Hey, BC! The party sounds great!
so getting time together is almost impossible at this point.
I sure know what that is like. I feel constantly pulled between HRG and DDs.
I am being haunted by what's happened to me. I'm not getting any ENs met and that gets my brain racing. This isn't GFs fault. It's EXWW's. I'm having trouble keeping my brain settled. All these horrible thoughts enter my brain despite GF doing nothing to warrant these thoughts. It helps that I recognize where they're coming from and that allows me to overcome them, but it doesn't stop them from coming back. I hope this goes away as more time passes, but I do wonder if this is something I'll fight forever.

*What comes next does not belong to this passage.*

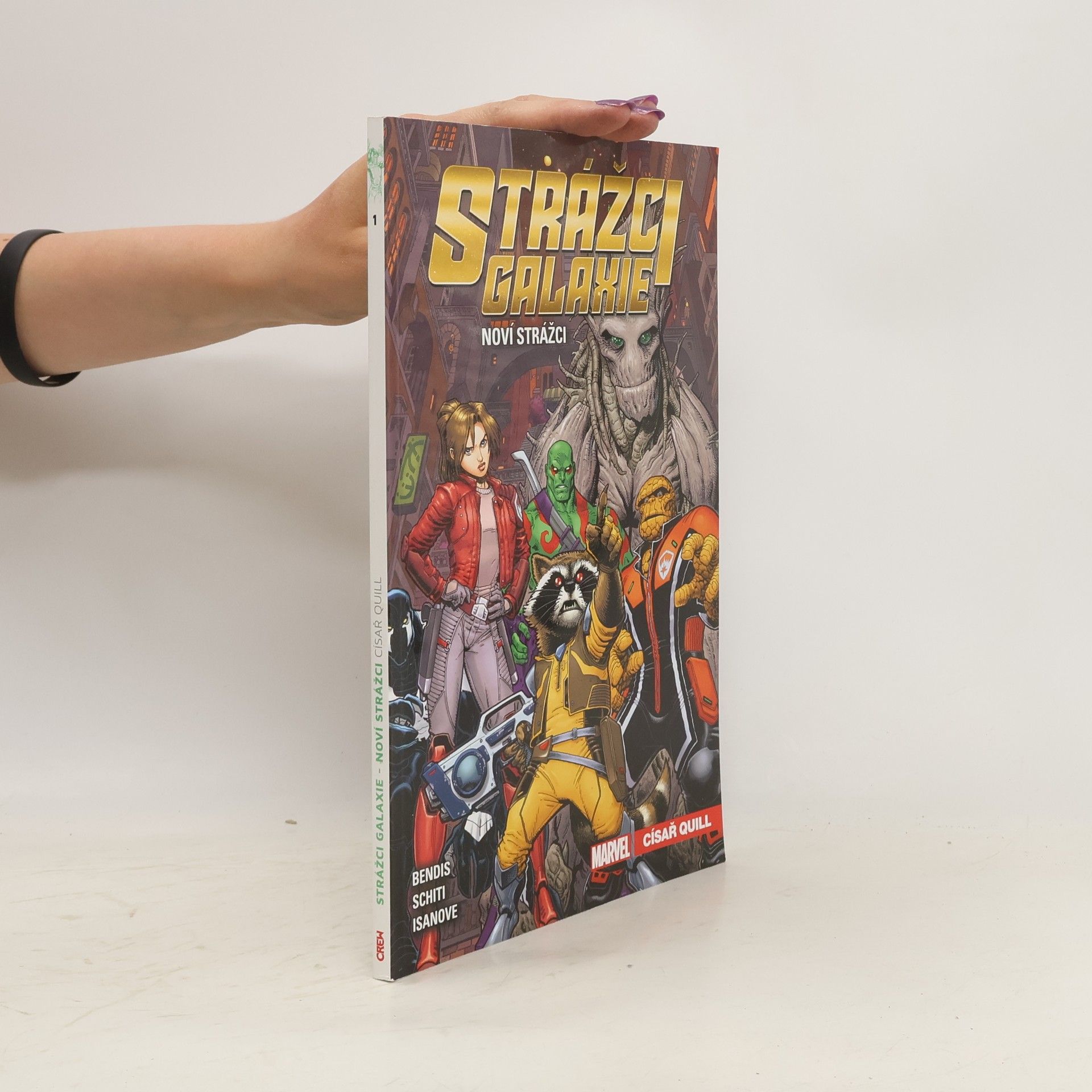 Brian Michael Bendis Strážci galaxie - Noví Strážci. Císař Quill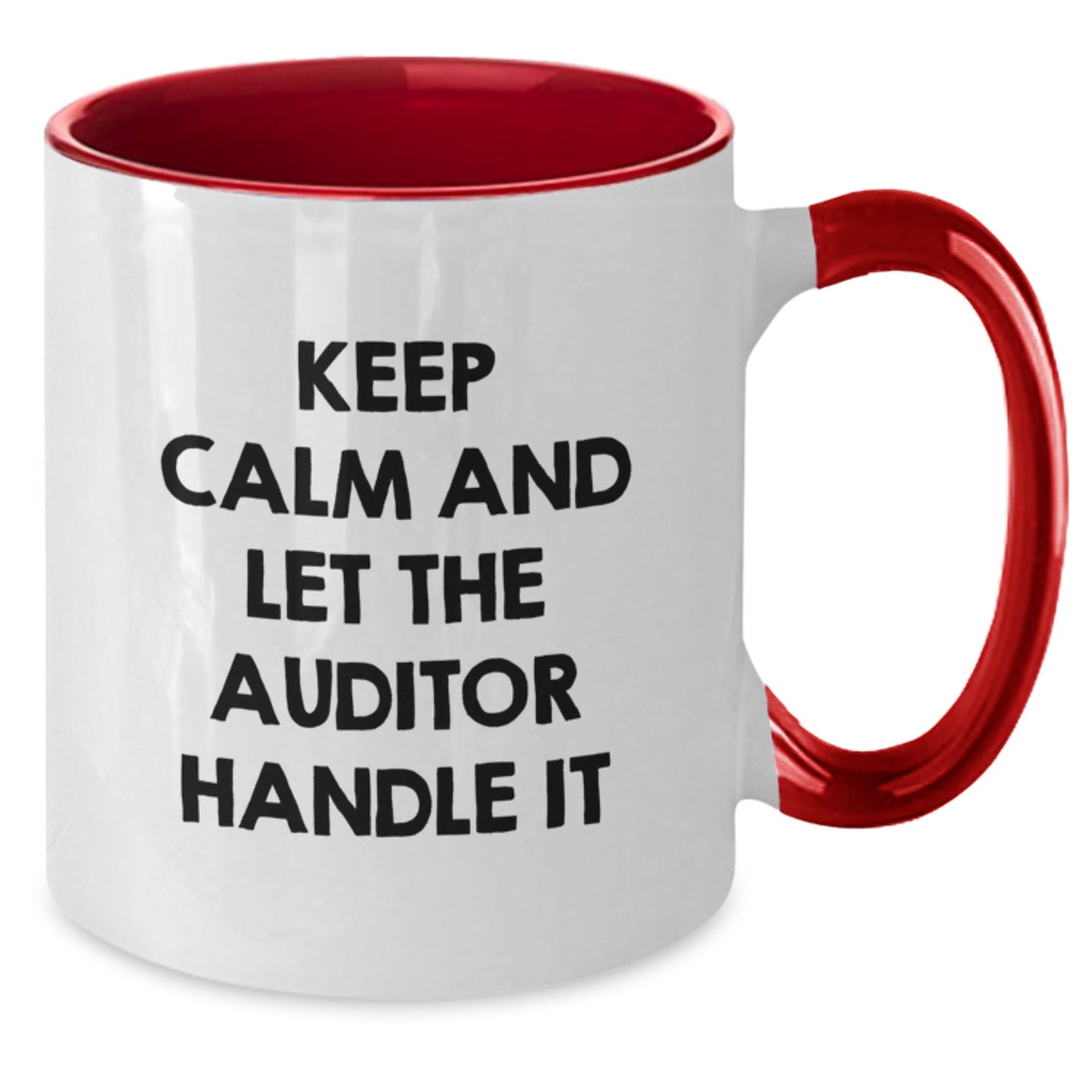 Funny Auditor Gifts for Men, Women, Friends, and Family - Two Tone Coffee Mug - Keep Calm And Let The Auditor Handle It - Additional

I'm right there with you, BC. There's times I think I should just cut HRG loose. It doesn't seem really fair to only be partway in it, although he says he is okay with it.
I checked HRG email the other day. My H cheated on me, what can I say? There was a message from his exwife.
It was too friendly for my taste. But it wasn't OVERLY friendly, KWIM?
But what do I expect? Does everyone have to be enemies once they divorce? Are there any feelings there that I need to be concerned about?
At my age, there are very few men that have not yet been married and won't have exes to contend with.
I don't know how to deal with that and not feel that I'm being cheated on every time he has contact.
things are going well. I keep myself pretty busy. My job's fairly secure, I'm financially stable, and I get plenty of time with family and friends.
Good for you, amigo. I have faith that the rest will work itself out eventually.